* [Task prompt] Using the records below, transcribe exactly only the lines from the one with "21b Tareebin Road, Nelson Bay NSW 2315" through the end, both included, and drop every picture.

* [Supplied records]
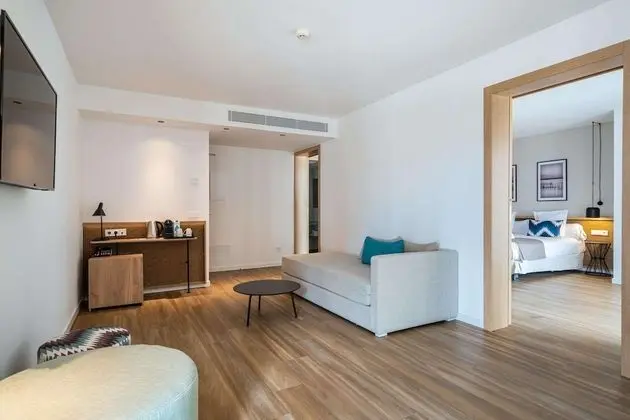 Süit, Balkon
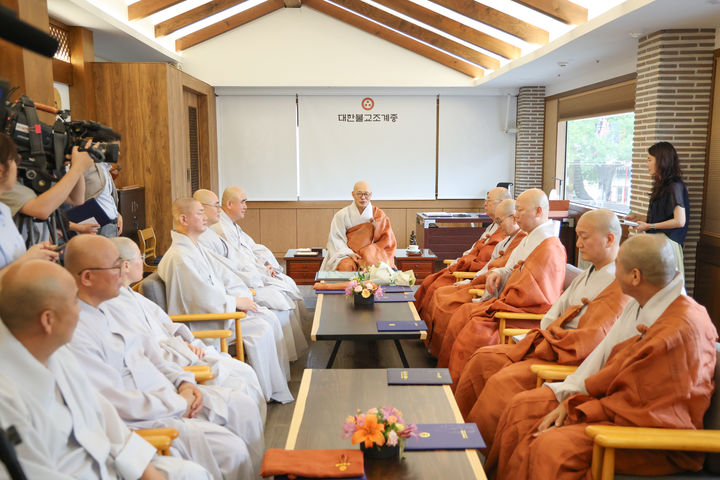 [서울=뉴시스] 20일 임명된 대한불교조계종 총무원과 산하기관 부·실장급 13명과 함께한 조계종 총무원장 진우스님(가운데) (사진=대한불교조계종 제공) 2025.08.20. photo@newsis.com *재판매 및 DB 금지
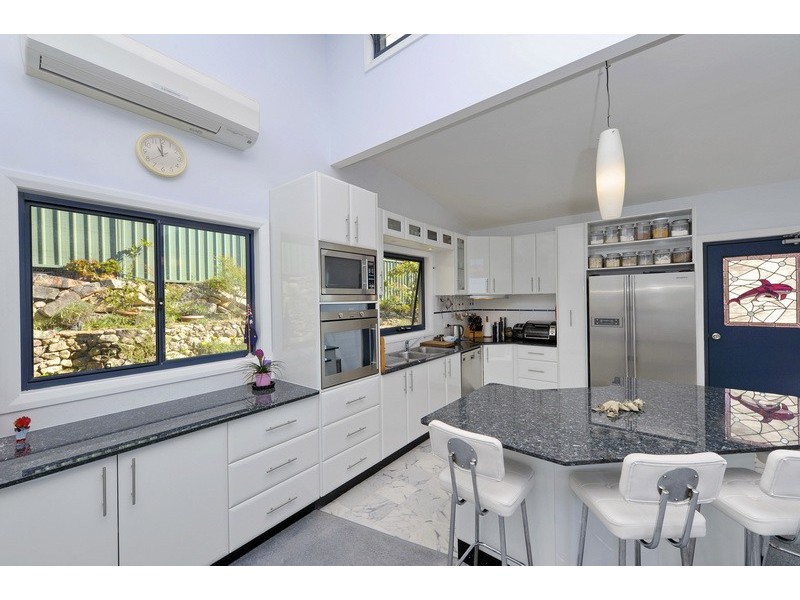 21b Tareebin Road, Nelson Bay NSW 2315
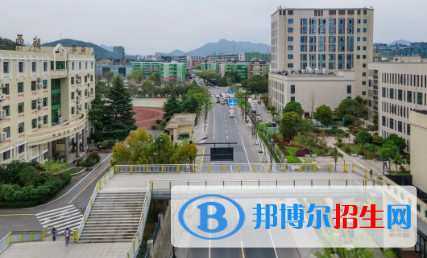 浙江2023年中專學(xué)校讀出來(lái)是什么文憑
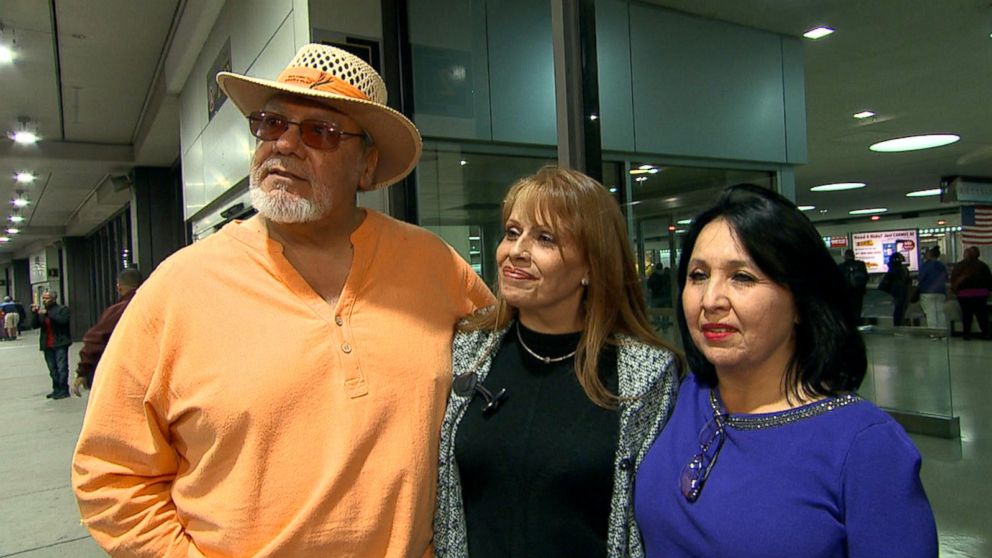 Visita Familiar De Boris Johnson A Texas Termina Con Ataque De Avestruz Visita Familiar De Boris Johnson A Texas Termina Con Ataque De Avestruz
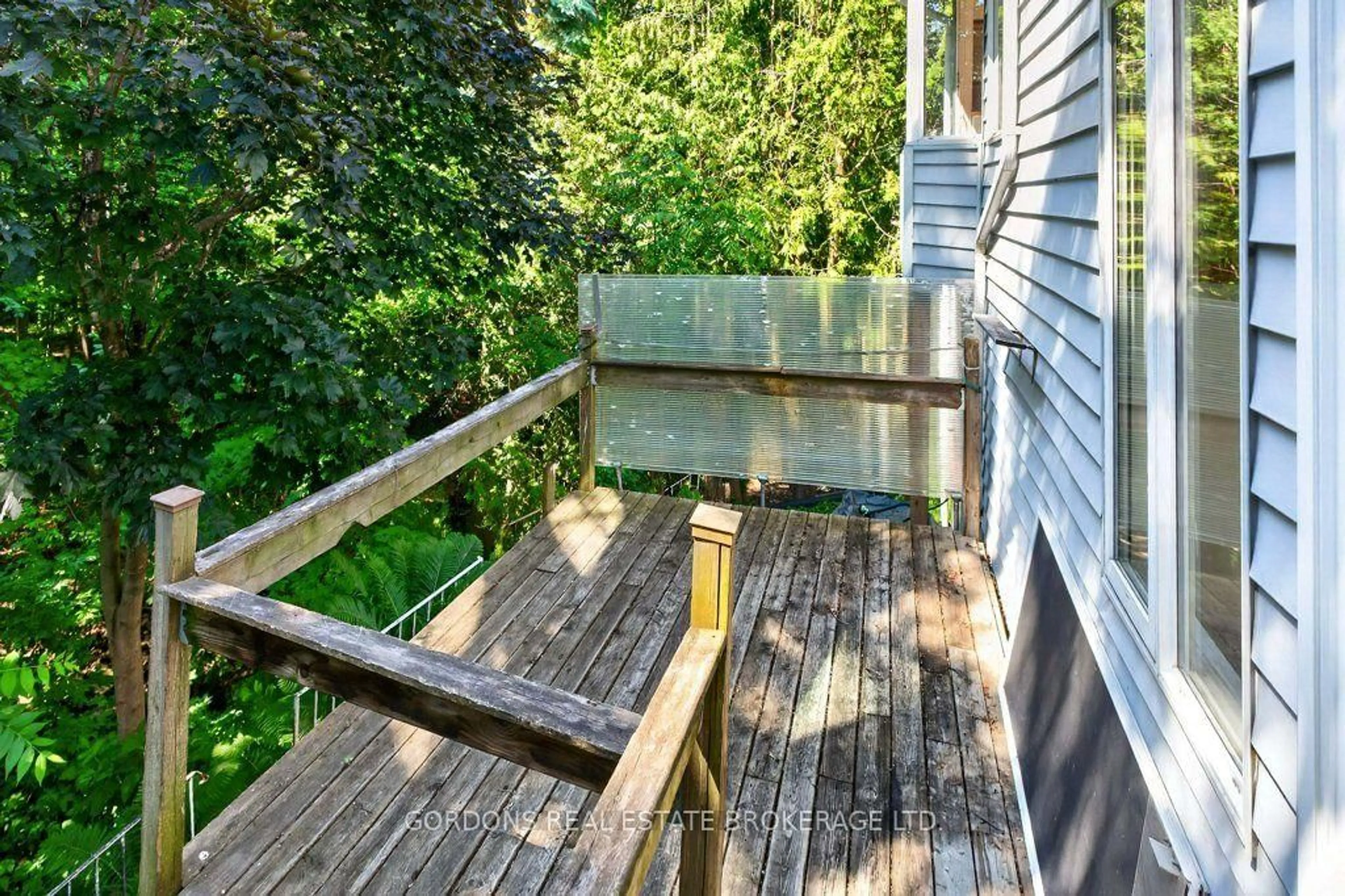 Patio, water/lake/river/ocean view for 30 Limeridge Dr, Kingston Ontario K7K 6M3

* [Solution to this problem]
 21b Tareebin Road, Nelson Bay NSW 2315
 浙江2023年中專學(xué)校讀出來(lái)是什么文憑
 Visita Familiar De Boris Johnson A Texas Termina Con Ataque De Avestruz Visita Familiar De Boris Johnson A Texas Termina Con Ataque De Avestruz
 Patio, water/lake/river/ocean view for 30 Limeridge Dr, Kingston Ontario K7K 6M3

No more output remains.